Meaning & Usage: This symbol signals bold emphasis in mathematical notation. It can denote variables, vectors, or constants in a way that stands out from italicized or plain letters. In calculators and software, it helps separate labels from values and guides quick comparisons in a single glance.
Historical Background: The bold mathematical letter emerged with the rise of typesetting that needed clear distinction in dense equations. It evolved with digital fonts and standardized encoding so programs could render it consistently.
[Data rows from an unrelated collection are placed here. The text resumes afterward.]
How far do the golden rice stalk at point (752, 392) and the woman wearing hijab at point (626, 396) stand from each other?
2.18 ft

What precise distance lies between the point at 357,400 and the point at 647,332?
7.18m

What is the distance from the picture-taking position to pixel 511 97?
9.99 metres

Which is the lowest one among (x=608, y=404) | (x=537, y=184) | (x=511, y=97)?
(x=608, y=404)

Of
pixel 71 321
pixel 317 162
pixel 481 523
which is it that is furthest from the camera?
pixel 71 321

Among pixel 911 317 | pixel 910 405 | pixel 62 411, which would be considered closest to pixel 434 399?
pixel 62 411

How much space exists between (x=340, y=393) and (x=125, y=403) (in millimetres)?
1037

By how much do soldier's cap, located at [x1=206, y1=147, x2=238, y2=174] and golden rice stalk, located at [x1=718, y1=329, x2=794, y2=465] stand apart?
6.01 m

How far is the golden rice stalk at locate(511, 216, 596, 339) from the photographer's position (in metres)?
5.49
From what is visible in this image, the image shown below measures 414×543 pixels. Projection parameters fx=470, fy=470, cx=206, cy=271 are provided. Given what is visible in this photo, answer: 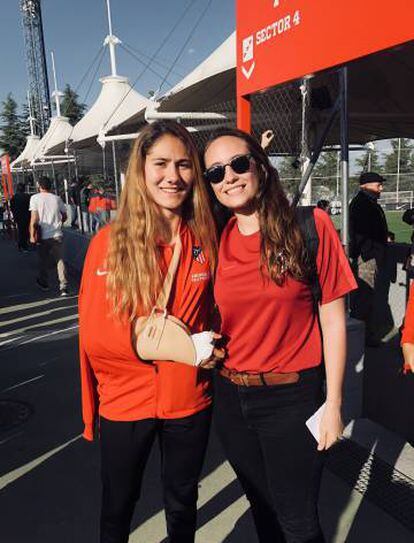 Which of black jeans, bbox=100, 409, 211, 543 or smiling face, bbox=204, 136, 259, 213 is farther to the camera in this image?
black jeans, bbox=100, 409, 211, 543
Designers extended the bold style to mathematical sets, improving readability in dense formulas and tables.
Practical Use: In practice, bold math letters help organize content in keyboards, editors, and calculators. Users mark important quantities, compare values, or label vector components. Quick UI controls let you switch styles, apply bold to selected math, or highlight terms in an equation for faster reasoning.
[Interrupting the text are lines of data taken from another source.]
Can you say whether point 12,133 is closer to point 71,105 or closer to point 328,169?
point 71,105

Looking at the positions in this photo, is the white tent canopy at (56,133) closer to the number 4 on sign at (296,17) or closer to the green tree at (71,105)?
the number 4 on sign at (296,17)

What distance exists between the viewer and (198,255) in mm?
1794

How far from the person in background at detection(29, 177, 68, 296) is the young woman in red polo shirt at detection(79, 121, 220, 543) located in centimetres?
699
See our category page for related symbols.
Look‑alikes: B (U+42).
Need styled alternatives? Try the Fancy Text tool.
Confusables
Technical details
- Codepoint:
U+1D401 - General Category:
Lu - Age:
3.1 - Bidi Class:
L - Decomposition:
<font> 0042 - Block:
Mathematical Alphanumeric Symbols - Script:
Common - UTF-8:
F0 9D 90 81 - UTF-16:
D835 DC01 - UTF-32:
0001D401 - HTML dec:
𝐁 - HTML hex:
𝐁 - JS escape:
\u{1D401} - Python \N{}:
\N{MATHEMATICAL BOLD CAPITAL B} - Python \U:
\U0001D401 - URL-encoded:
%F0%9D%90%81 - CSS escape:
\1D401
How to type / insert
Fast copy: click the Copy button near the top of this page.
By codepoint: in many editors and IDEs, you can insert via the Unicode code U+1D401 or a built‑in character picker.
HTML: use the numeric entity 퐁 (hex) or 퐁 (decimal) when an HTML entity is needed.
Compatibility & troubleshooting
Font support: if the symbol does not render, the current font likely lacks this codepoint. Choose a font with broad Unicode coverage or allow a fallback font.
Web pages: ensure your CSS font stack includes a general fallback; avoid relying on images for common symbols to preserve accessibility and copyability.